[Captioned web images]
--- START ---
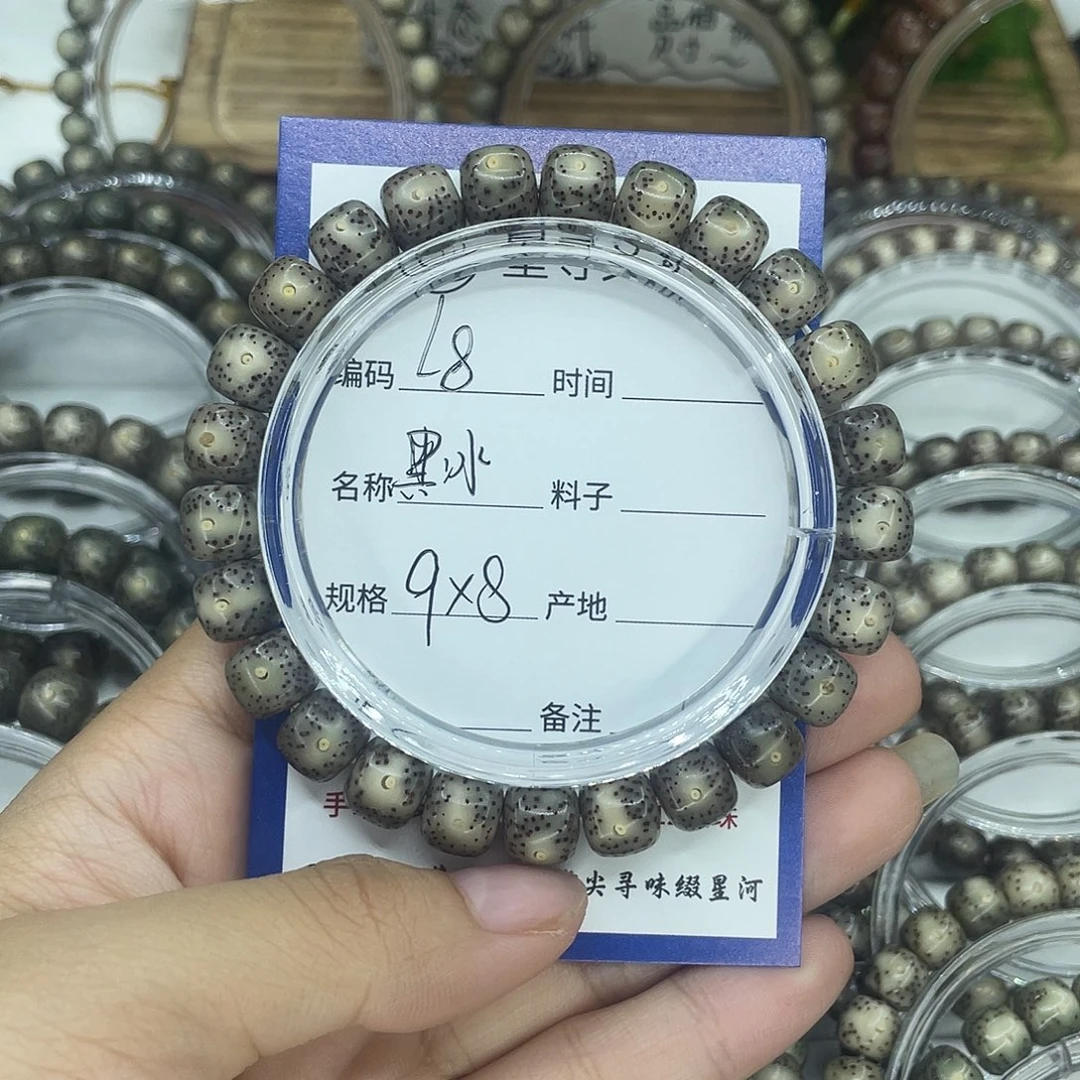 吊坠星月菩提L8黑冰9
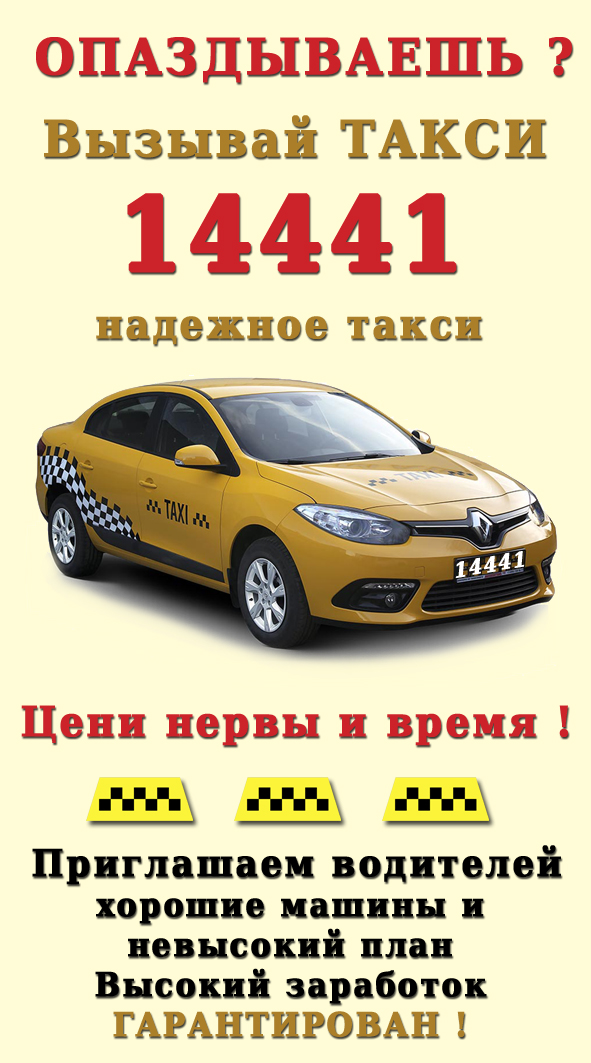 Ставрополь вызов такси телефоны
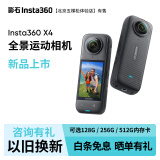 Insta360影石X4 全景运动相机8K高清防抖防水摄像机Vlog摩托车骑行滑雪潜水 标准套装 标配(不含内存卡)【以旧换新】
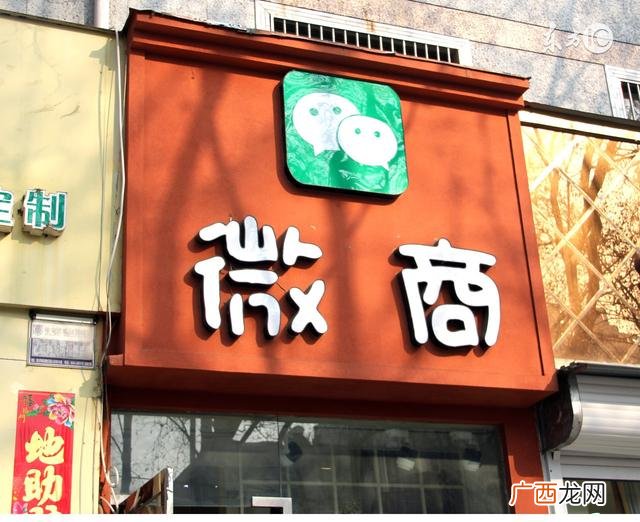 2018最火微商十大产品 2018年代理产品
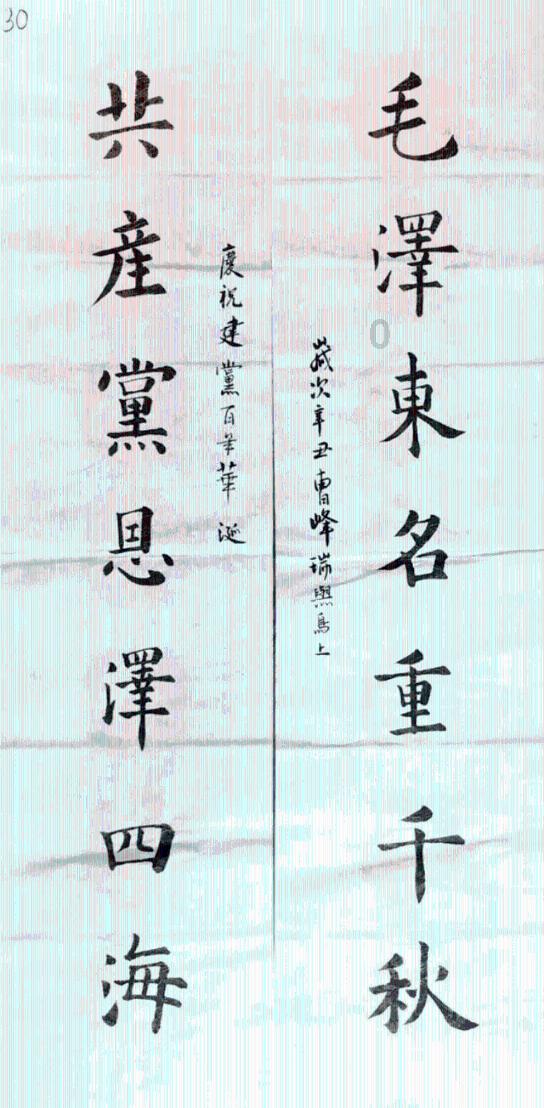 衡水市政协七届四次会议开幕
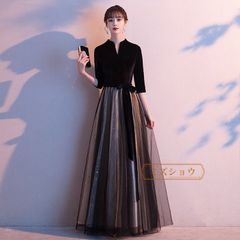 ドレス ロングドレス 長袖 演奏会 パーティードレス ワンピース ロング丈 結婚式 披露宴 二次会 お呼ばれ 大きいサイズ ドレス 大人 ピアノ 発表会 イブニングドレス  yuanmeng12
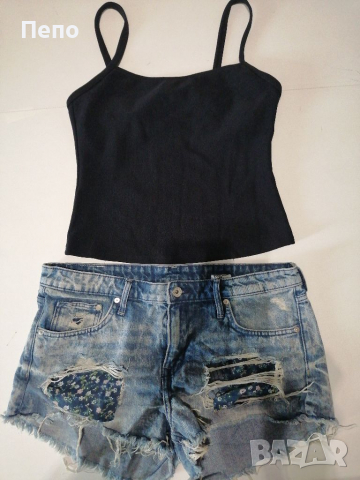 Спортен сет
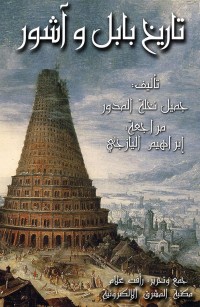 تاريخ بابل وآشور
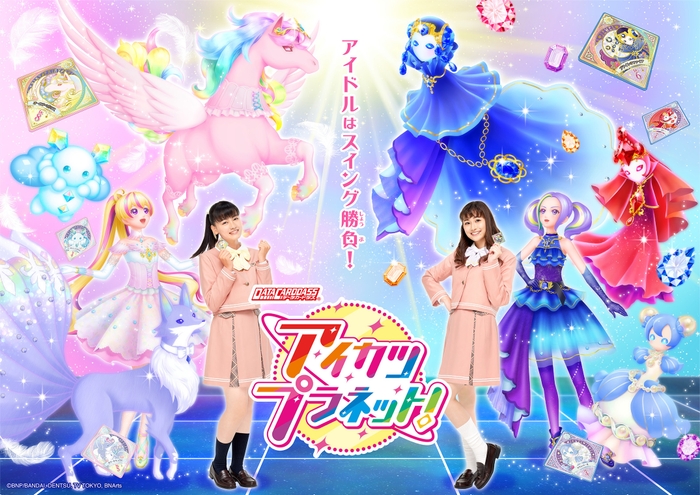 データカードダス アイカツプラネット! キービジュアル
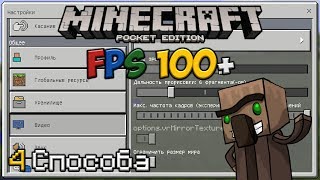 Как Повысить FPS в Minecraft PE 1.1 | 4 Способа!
--- END ---
Please copy the data shown above word for word, omitting the pictures.

> _REPLY TO THE TASK_:
 吊坠星月菩提L8黑冰9
 Ставрополь вызов такси телефоны
 Insta360影石X4 全景运动相机8K高清防抖防水摄像机Vlog摩托车骑行滑雪潜水 标准套装 标配(不含内存卡)【以旧换新】
 2018最火微商十大产品 2018年代理产品
 衡水市政协七届四次会议开幕
 ドレス ロングドレス 長袖 演奏会 パーティードレス ワンピース ロング丈 結婚式 披露宴 二次会 お呼ばれ 大きいサイズ ドレス 大人 ピアノ 発表会 イブニングドレス  yuanmeng12
 Спортен сет
 تاريخ بابل وآشور
 データカードダス アイカツプラネット! キービジュアル
 Как Повысить FPS в Minecraft PE 1.1 | 4 Способа!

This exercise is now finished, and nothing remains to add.